__WHAT IS NEEDED__: Exactly as they appear below, repeat the lines from the one with "養龍魚要背景還是透明缸好看：養龍魚使用背景還是透明缸" through the one with "جوجه های برهما اصیل ۱۰ روزه", and no others.
· · ·
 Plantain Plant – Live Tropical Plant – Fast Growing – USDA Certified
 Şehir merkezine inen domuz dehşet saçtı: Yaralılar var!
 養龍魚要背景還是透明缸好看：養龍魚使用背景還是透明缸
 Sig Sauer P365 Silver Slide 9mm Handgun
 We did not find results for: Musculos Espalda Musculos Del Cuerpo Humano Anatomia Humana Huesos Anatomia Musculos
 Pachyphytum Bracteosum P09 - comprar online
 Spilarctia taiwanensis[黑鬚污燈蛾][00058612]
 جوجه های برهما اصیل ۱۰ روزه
· · ·
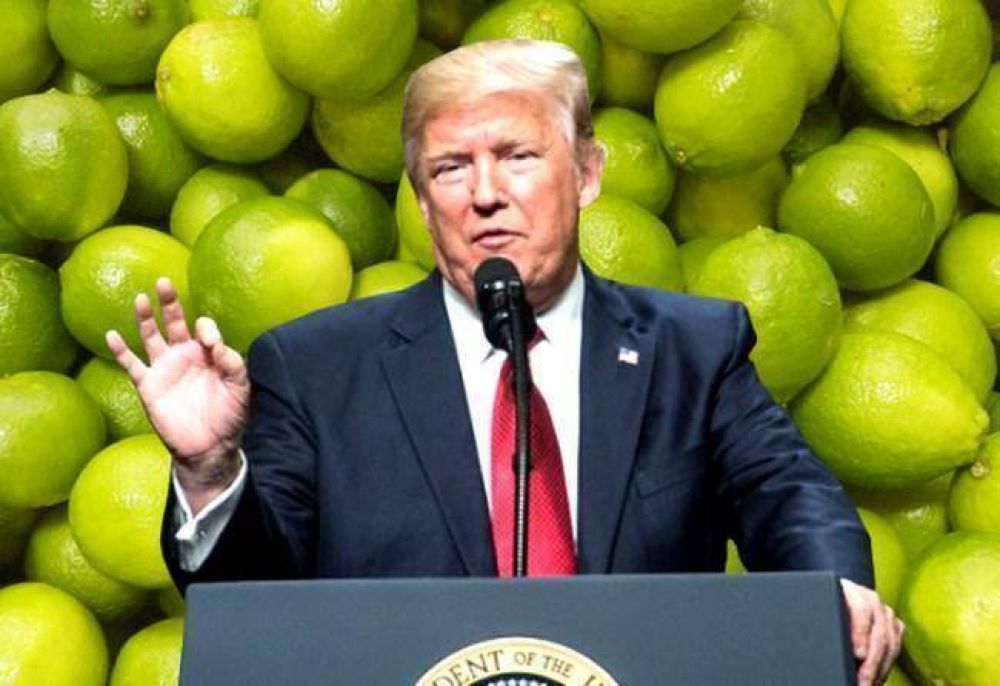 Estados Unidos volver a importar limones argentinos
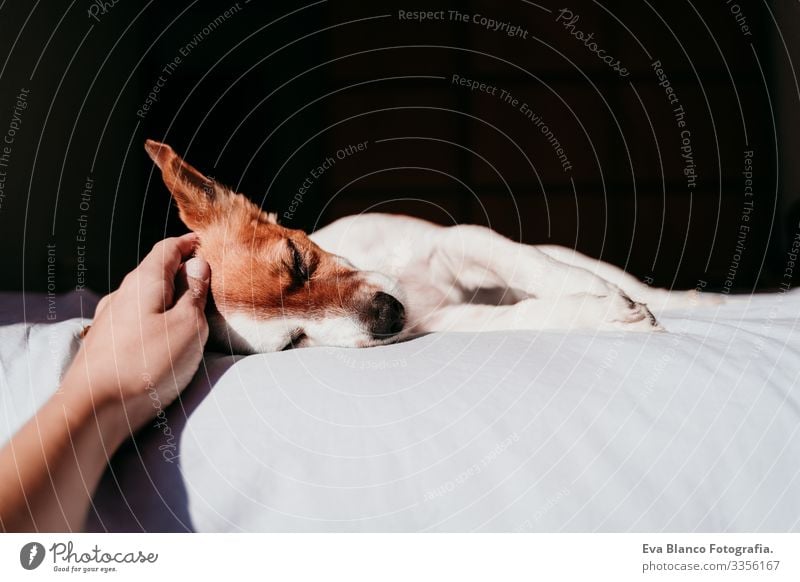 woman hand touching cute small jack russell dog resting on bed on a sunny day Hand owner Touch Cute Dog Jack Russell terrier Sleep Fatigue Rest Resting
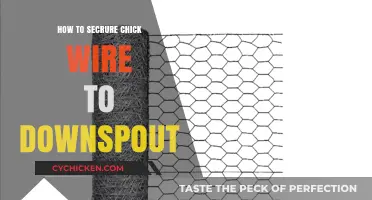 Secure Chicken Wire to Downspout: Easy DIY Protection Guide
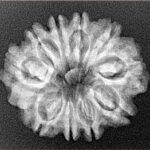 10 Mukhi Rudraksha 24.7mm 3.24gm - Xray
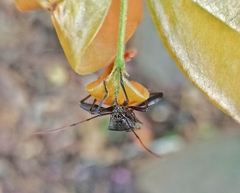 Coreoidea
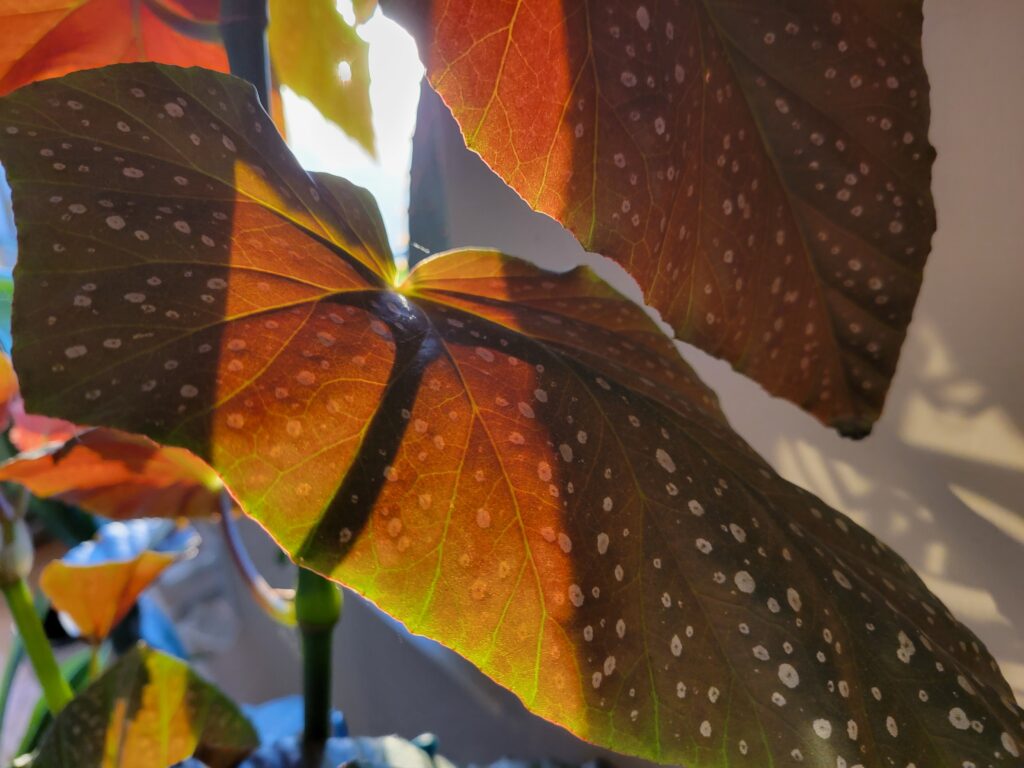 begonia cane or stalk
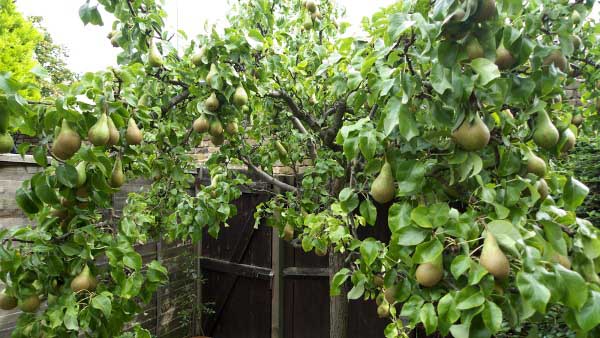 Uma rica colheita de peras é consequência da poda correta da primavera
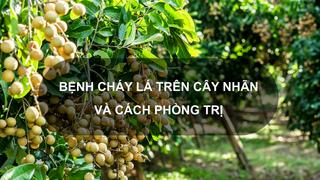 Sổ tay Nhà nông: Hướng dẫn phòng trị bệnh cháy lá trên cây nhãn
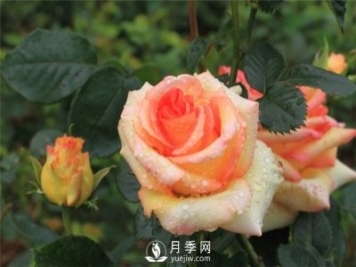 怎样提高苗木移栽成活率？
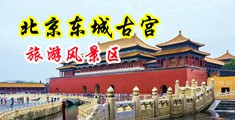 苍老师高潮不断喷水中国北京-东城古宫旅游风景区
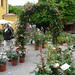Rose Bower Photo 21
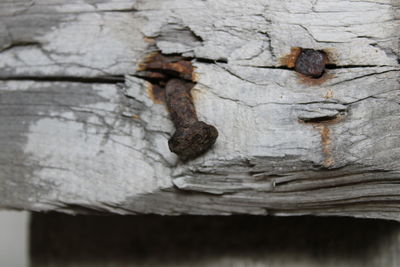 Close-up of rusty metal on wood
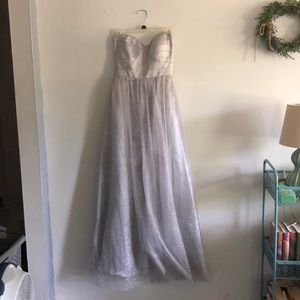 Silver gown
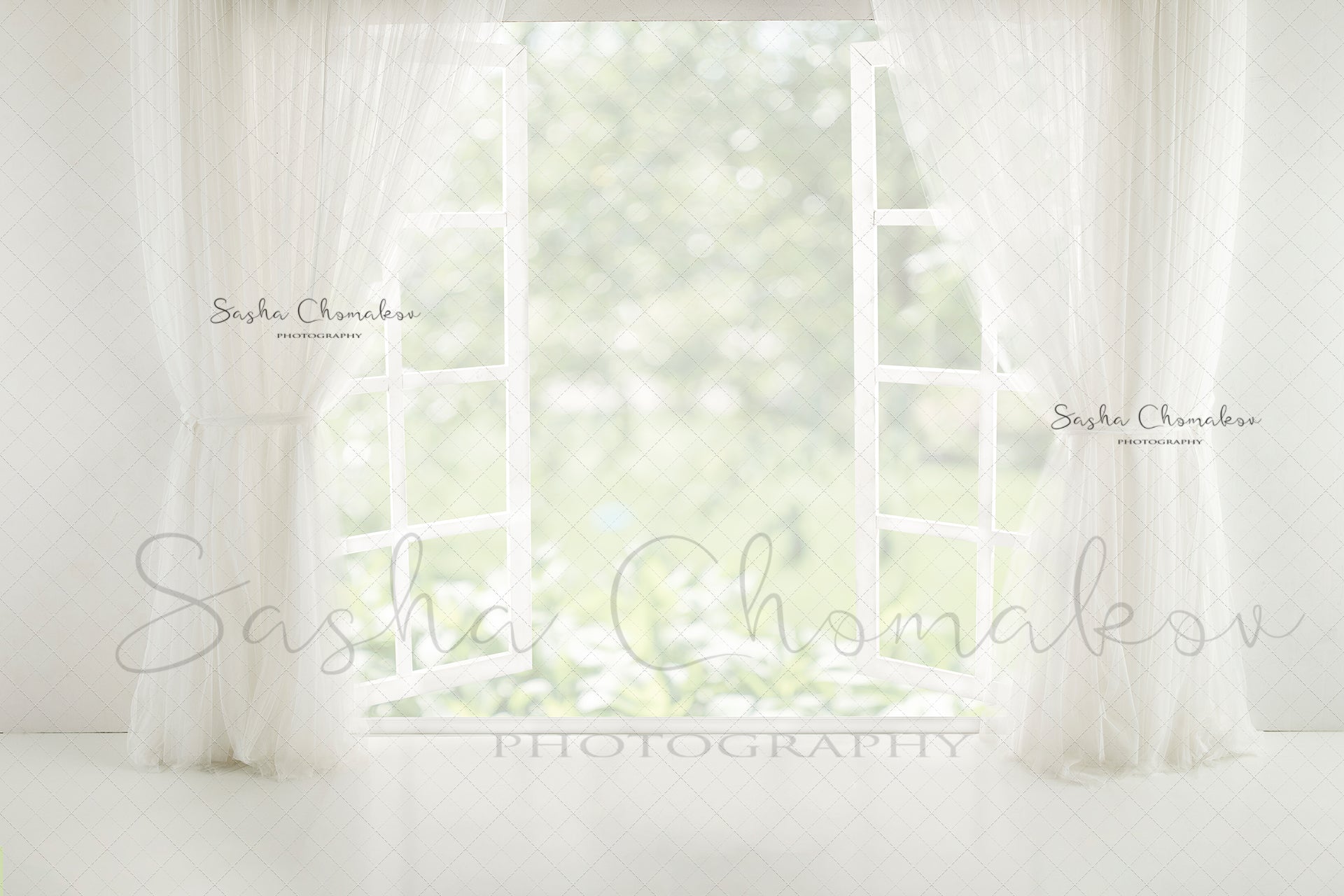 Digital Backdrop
· · ·
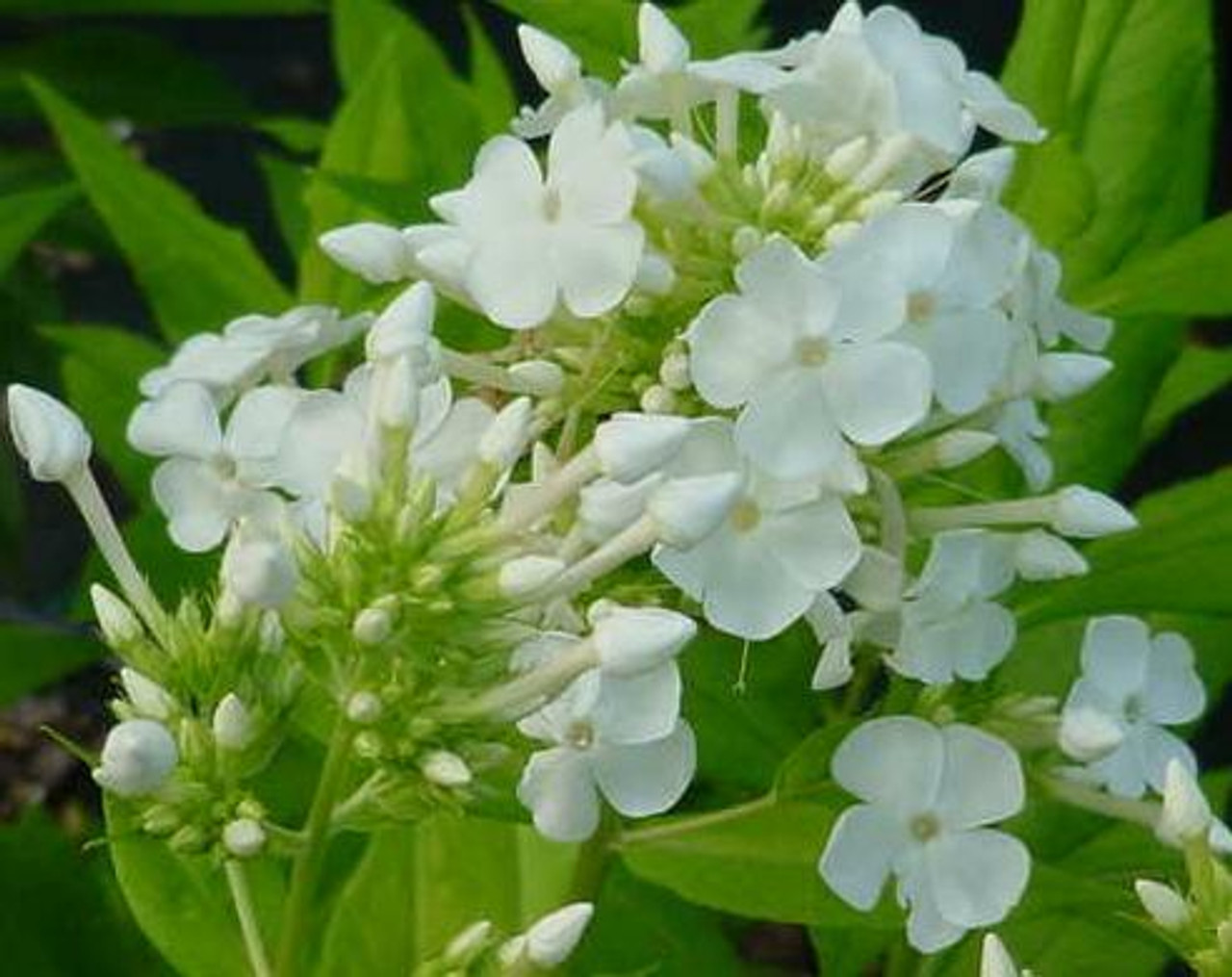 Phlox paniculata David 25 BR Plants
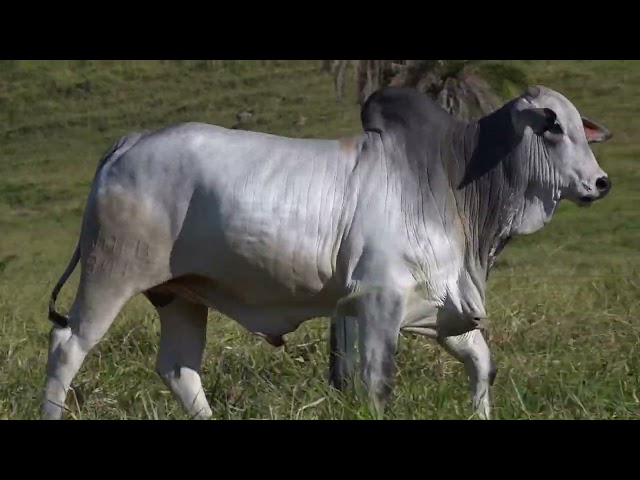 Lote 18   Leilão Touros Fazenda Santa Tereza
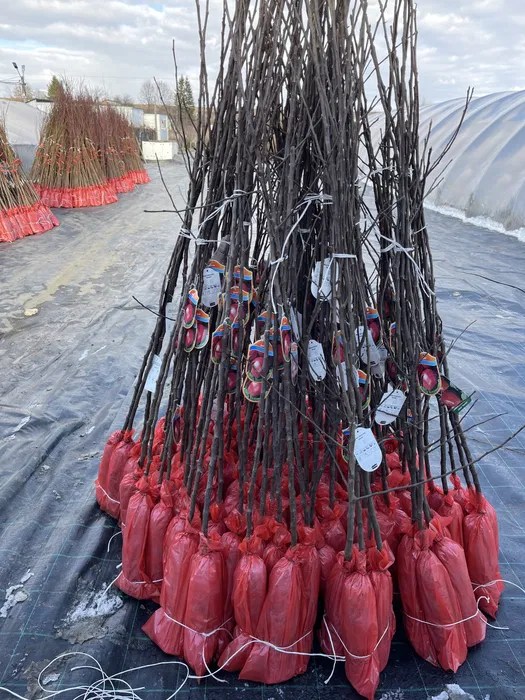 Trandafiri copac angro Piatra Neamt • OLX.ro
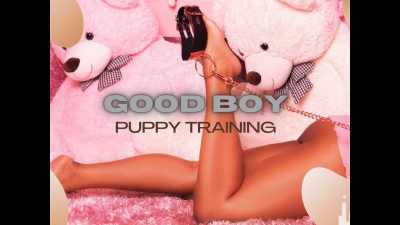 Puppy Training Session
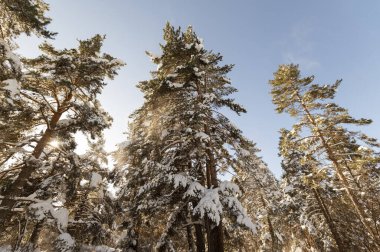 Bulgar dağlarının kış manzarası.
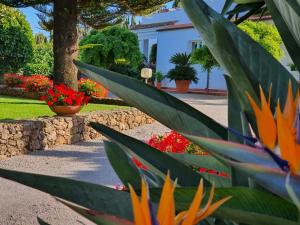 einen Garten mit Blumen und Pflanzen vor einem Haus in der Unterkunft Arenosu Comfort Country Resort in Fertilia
· · ·
__RESULT__:
 養龍魚要背景還是透明缸好看：養龍魚使用背景還是透明缸
 Sig Sauer P365 Silver Slide 9mm Handgun
 We did not find results for: Musculos Espalda Musculos Del Cuerpo Humano Anatomia Humana Huesos Anatomia Musculos
 Pachyphytum Bracteosum P09 - comprar online
 Spilarctia taiwanensis[黑鬚污燈蛾][00058612]
 جوجه های برهما اصیل ۱۰ روزه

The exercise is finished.